Another emergency building closure puts tenants on the brink

SHARE Another emergency building closure puts tenants on the brink

The residents of 7270 S. South Shore Drive are presently without heat, often find themselves with no running water and generally recognize they live in a place that’s unsafe.

Yet, when a Cook County judge last week ordered the five-story apartment building vacated by this coming Monday because of fire-safety issues, those residents were caught off guard and unprepared.

Now they are in the middle of the panicked, painful search for new housing of which you have seen me write so often, the prospect of homelessness staring some of them in the face.

So let me say this one more time.

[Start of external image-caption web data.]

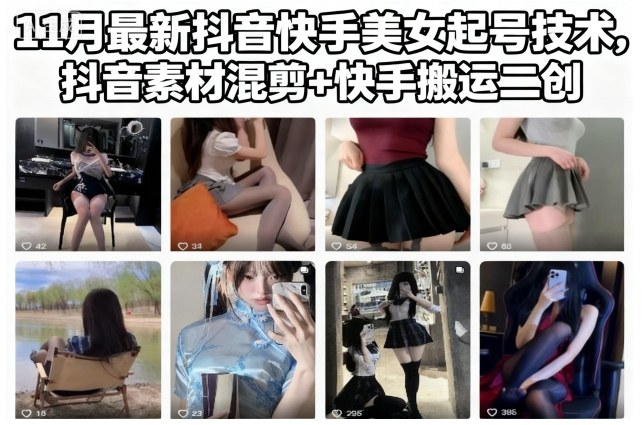 11月最新抖音快手美女起号技术，抖音素材混剪+快手搬运二创-赛德副业库
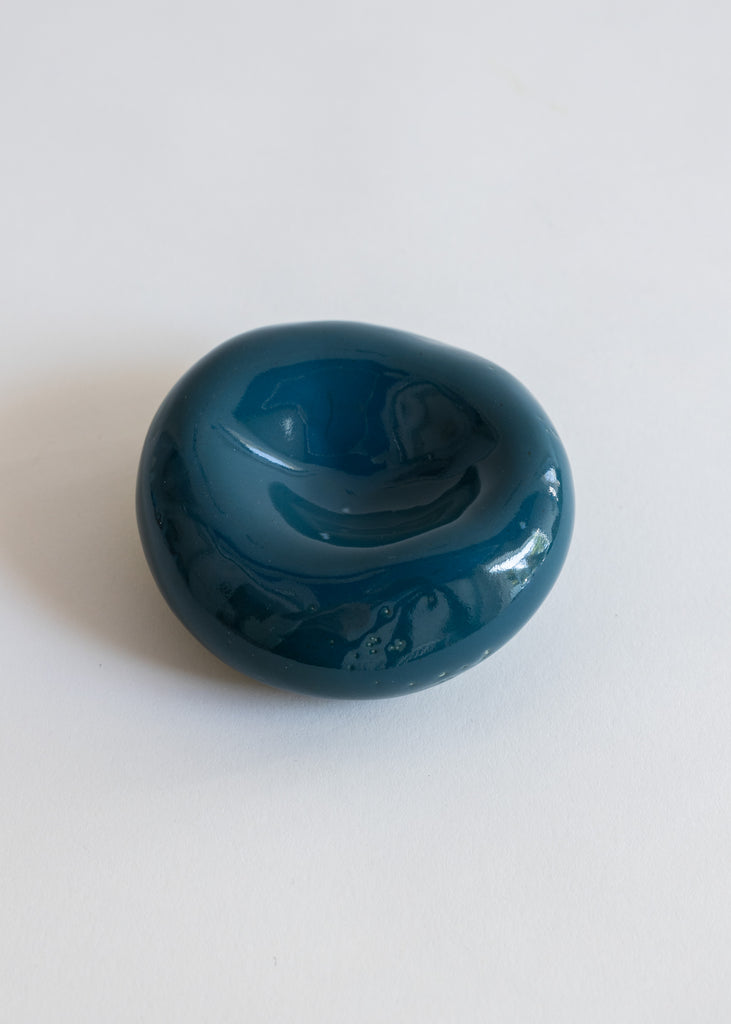 Sanna Holmberg Blue Sculpture Bowl Artwork Handmade Unique Glazed Blue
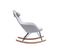 Rocking Chair Scandinave En Tissu Gris, Métal Noir Et Bois Clair Jhene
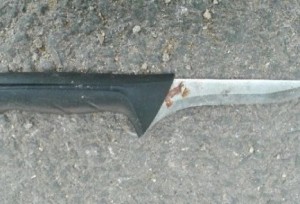 The knife used in Thursday morning's stabbing attack in the Jordan Valley. Photo: Israel Police.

There has to be a better way.

OPINION

Residents of the building, a former nursing home converted into single-room-occupancy-style housing with shared bathrooms, say they first received notice from their landlord Feb. 23 that they had 30 days to vacate.

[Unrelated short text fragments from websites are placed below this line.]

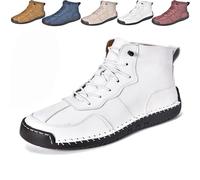 Botas Sawbehind para hombre, cómodas, hechas a mano, de cuero, para el trabajo, informales, impermeables, con soporte de arco, White, 42 2/3 EU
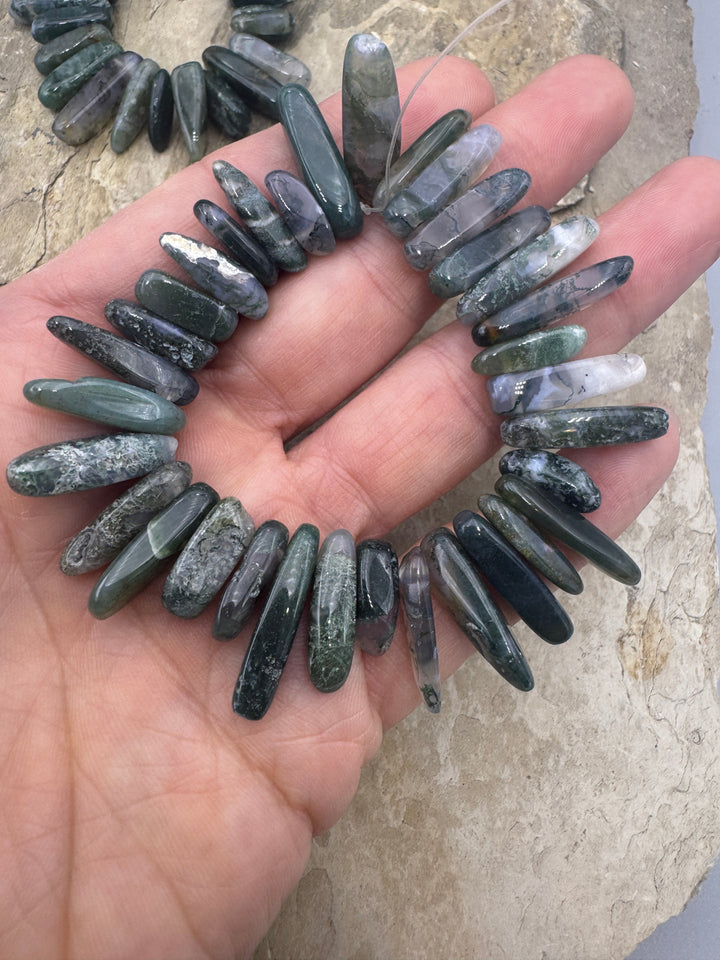 Moss Agate 12 18mm Stick Beads 6 inch Strands Montana Moss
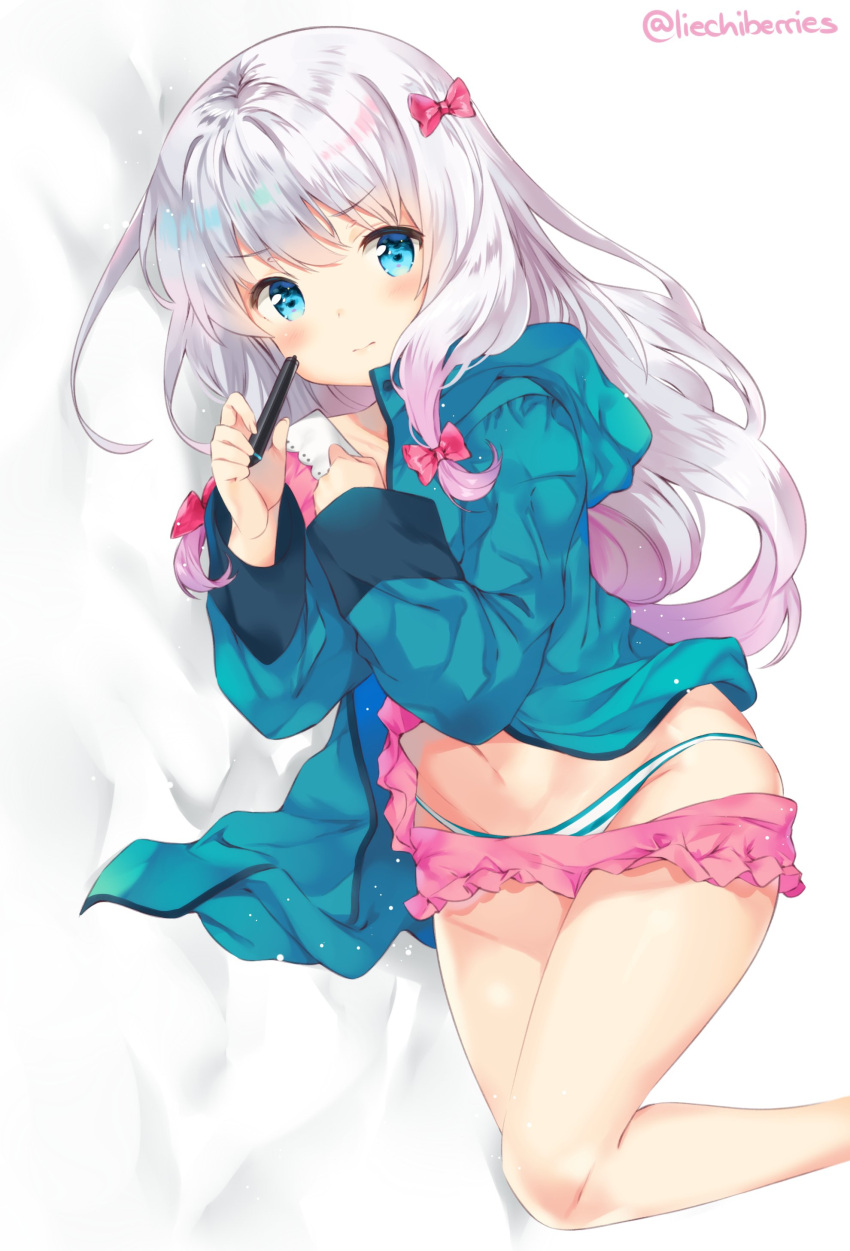 1girl, absurdres, blue_eyes, blush, eromanga_sensei, highres, izumi_sagiri, liechi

But four days later, they received a new notice from the city informing them they must be out of their apartments by March 9.

That resulted in calls for help to the Metropolitan Tenants Organization, which convened a meeting over the weekend of 50 residents, who include senior citizens, veterans and even a few families with children.

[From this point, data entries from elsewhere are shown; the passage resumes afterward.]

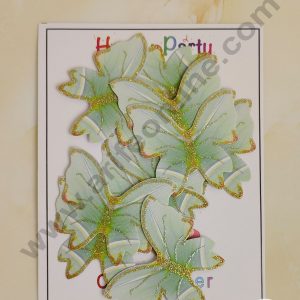 CAKE DECORβ’ 10 pc Green Glitter Colour Butterfly Paper Topper For Cake And Cupcake Decoration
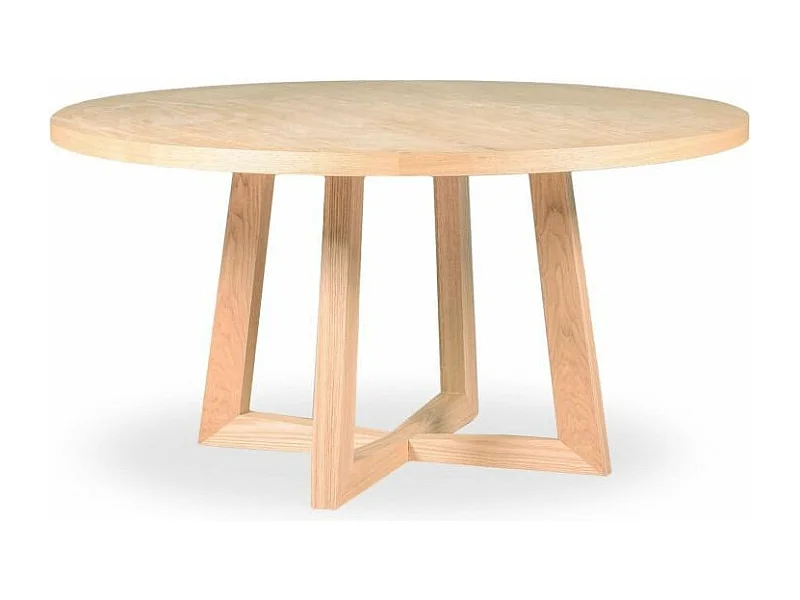 Table à manger ronde bois de frêne clair Tima 150cm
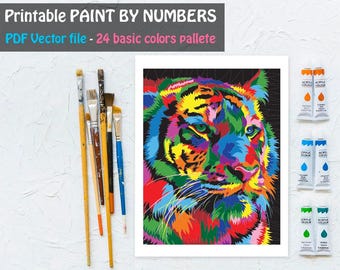 Colorful Tiger Paint By Number Printable Coloring Page, Printable Color By Number, Animal Coloring Sheet, Adult Coloring Page, DIY Painting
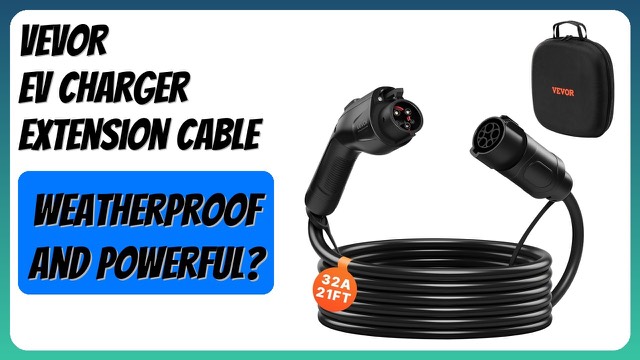 VEVOR J1772 EV charger extension cable coiled with carrying bag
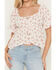 Image #3 - Angie Women's Floral Print Short Sleeve Hanky Hem Top, Ivory, hi-res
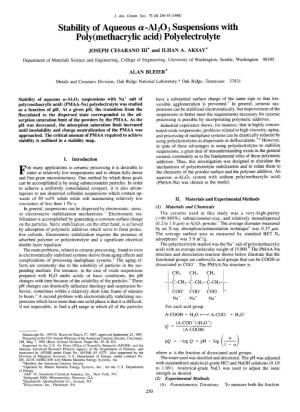 Stability of ,Aqueous a =Al203 Suspensions with Poly(Methacry1ic
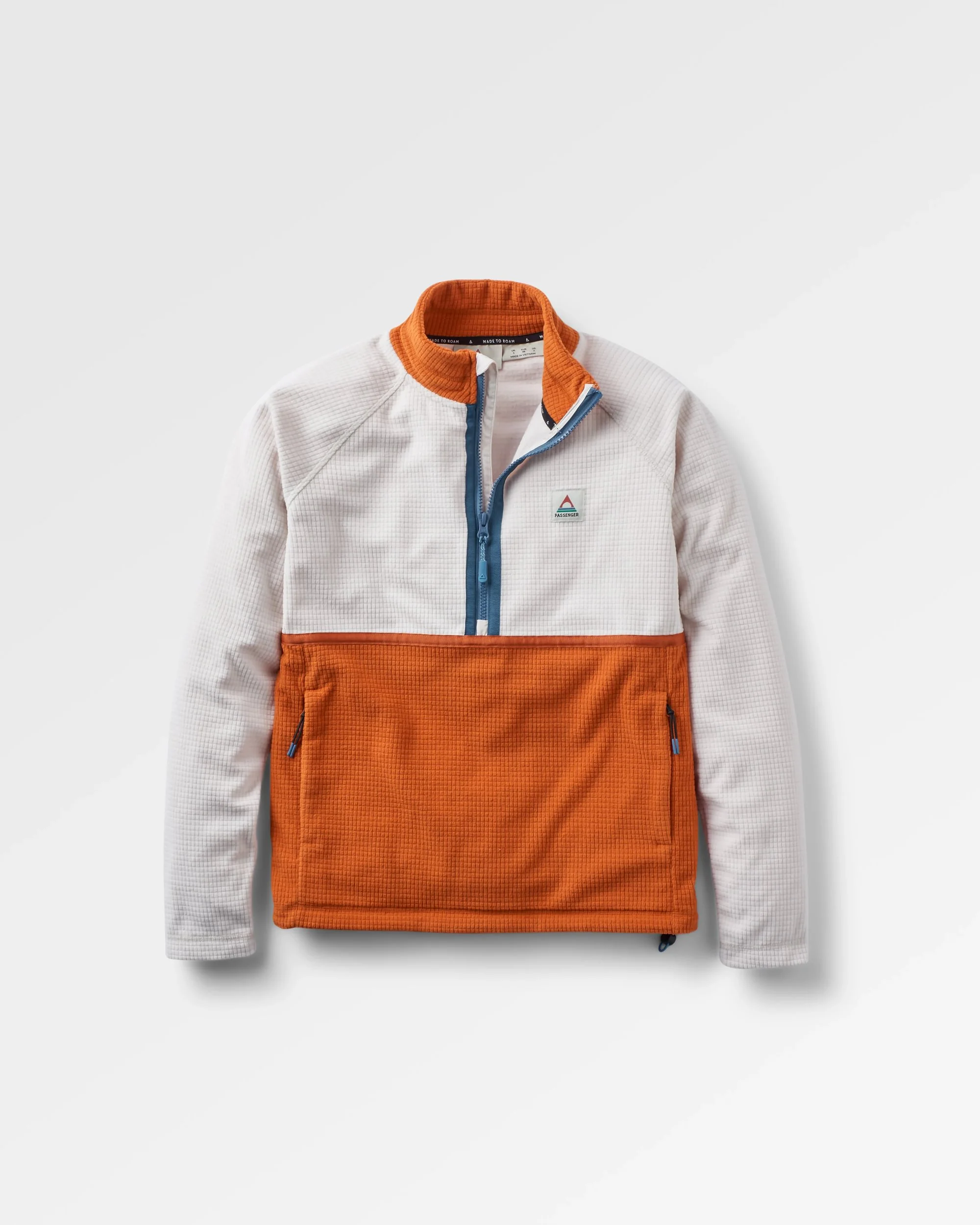 Off Trail Grid Polar Fleece - Birch/Sunset Orange - Image 2
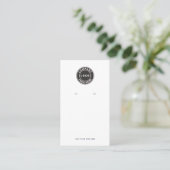Business Logo and QR Code Earrings Display Card Klantenkaartje (Staand voorkant)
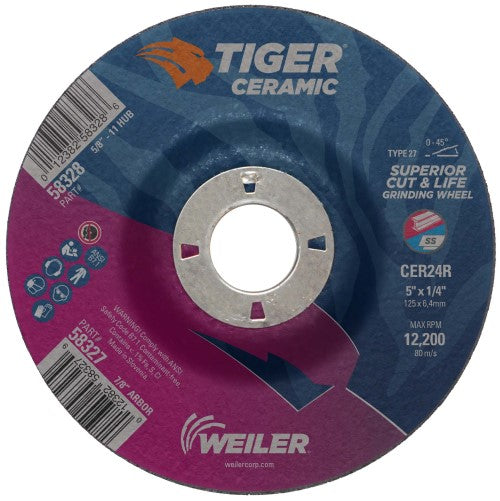 Weiler Tiger Ceramic Grinding Wheel - 5" X 1/4" Type 27 58327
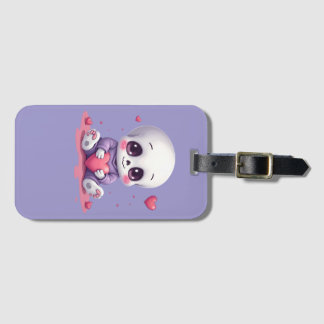 Kawaii Skelet met Hart Bagagelabel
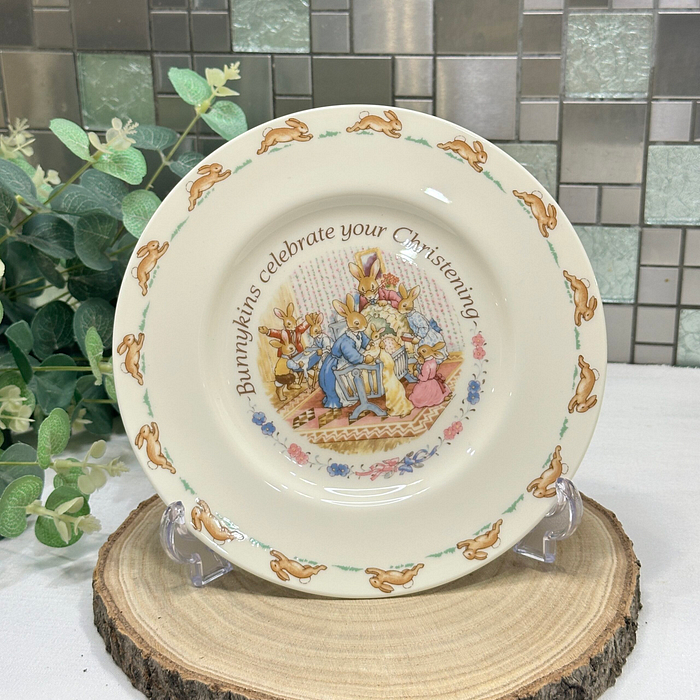 Royal Doulton Bunnykins Christening Plate - Vintage Fine Bone China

At the very least, the residents would like more time to move, which is why another call was placed to me to see if there’s some way to slow this train down.

“I’d like to get out of this building, but I don’t want to have to be evicted,” said Darryl Simmons, 59, who has lived there nearly three years and just finished running through his unemployment benefits.

As is normal in these situations, nobody really tried to consult with the tenants about what was happening until all the decisions about closing the building had been made.

“That communication piece is missing,” said Aisha Truss-Miller, a  Metropolitan Tenants Organization organizer who has become accustomed to the frustrating scenario of tenants being the last to learn of their fate when the city moves to close a building after sending in the inspectors.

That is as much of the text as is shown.